● **THE DATA**:

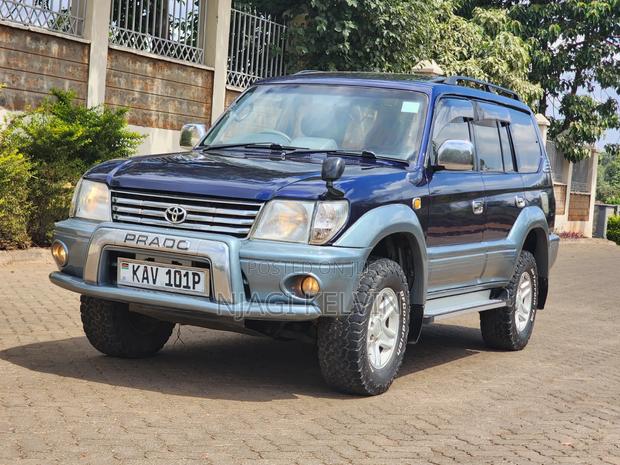 Toyota Land Cruiser Prado 3.0 D-4D 5dr 2000 Blue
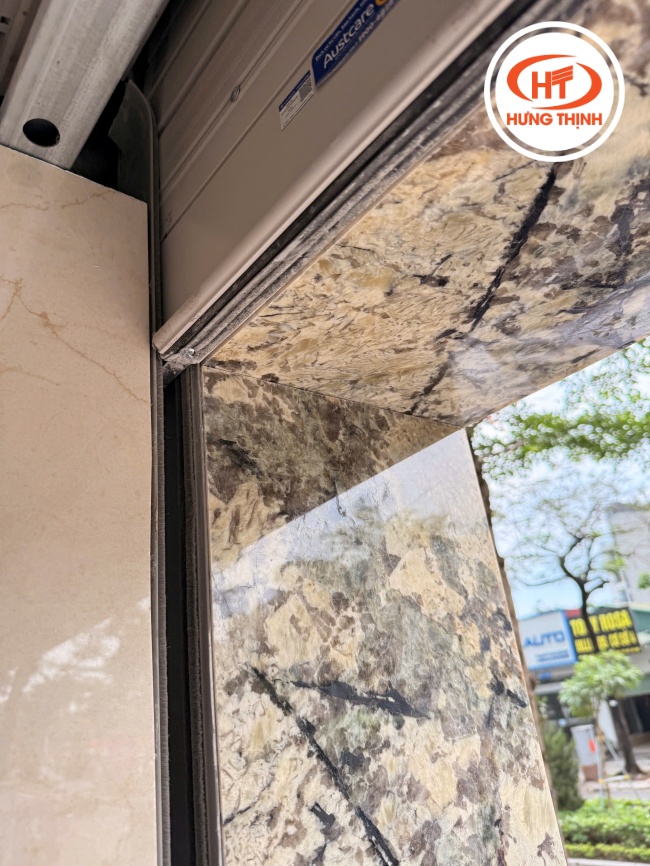 batch thuc te mat tien da Granite Blue Persa 11
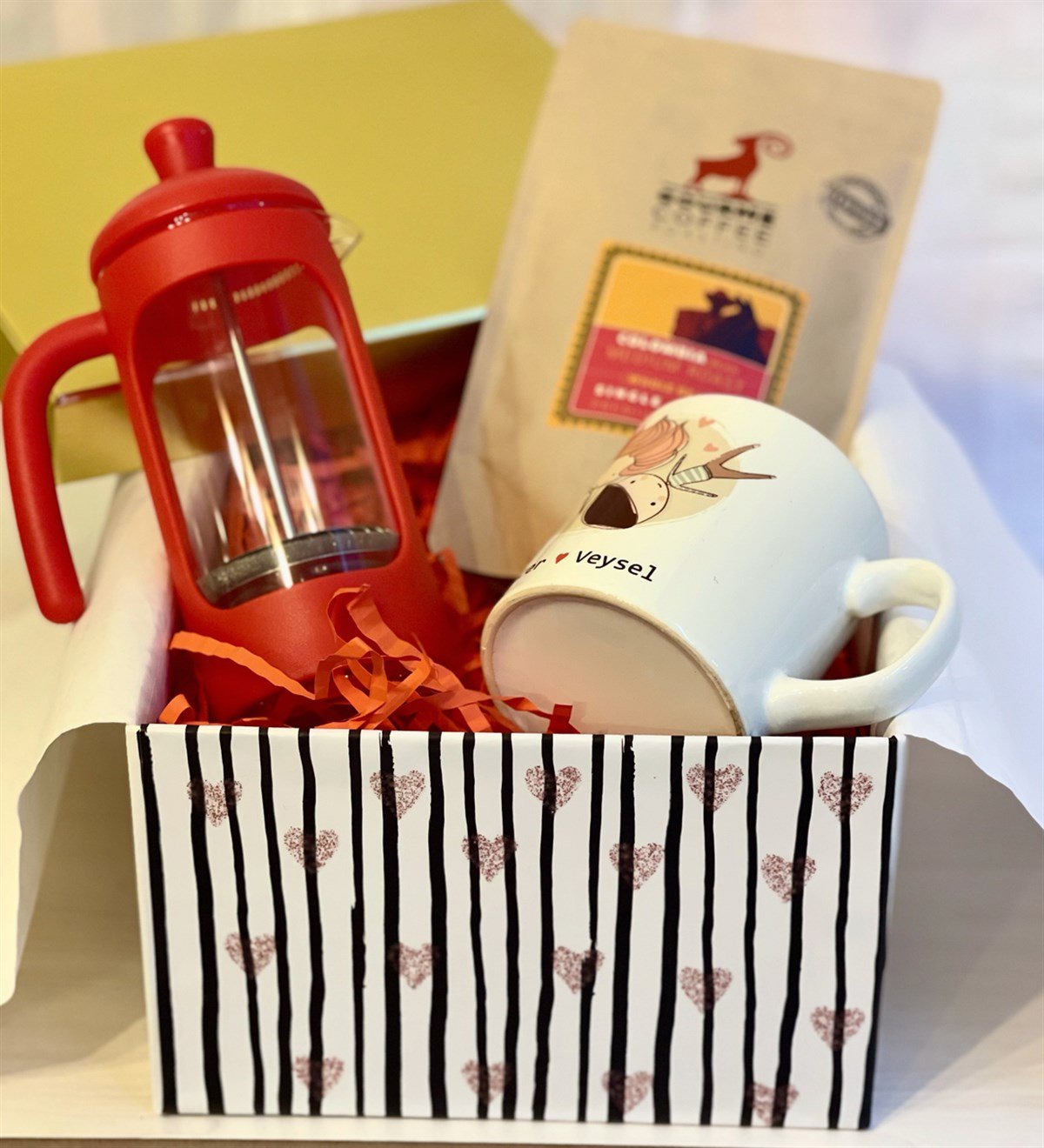 Kişiye Özel Ölümsüz Aşıklar French Press & Filtre Kahveli Sevgiliye Hediye SetiGiftmodaGmhs100185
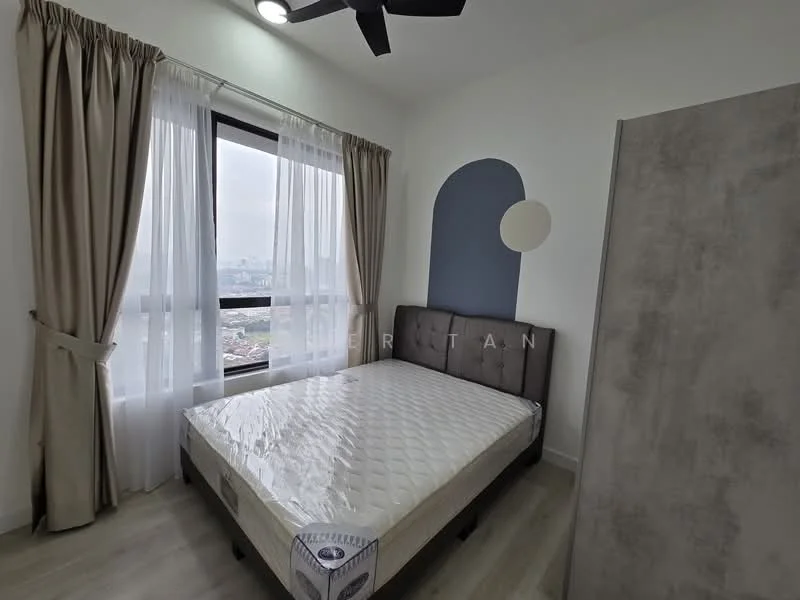 Bedroom features: queen-size bed, upholstered headboard, floor-to-ceiling window, sheer curtains, light grey wall, accent wall with circular design, wooden flooring, ceiling fan with light; style: modern; view: city.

● **HOW TO COMPLETE THIS TASK**:
Return the material above in exact form. Pictures stay out.

● **WORKED SOLUTION**:
 Toyota Land Cruiser Prado 3.0 D-4D 5dr 2000 Blue
 batch thuc te mat tien da Granite Blue Persa 11
 Kişiye Özel Ölümsüz Aşıklar French Press & Filtre Kahveli Sevgiliye Hediye SetiGiftmodaGmhs100185
 Bedroom features: queen-size bed, upholstered headboard, floor-to-ceiling window, sheer curtains, light grey wall, accent wall with circular design, wooden flooring, ceiling fan with light; style: modern; view: city.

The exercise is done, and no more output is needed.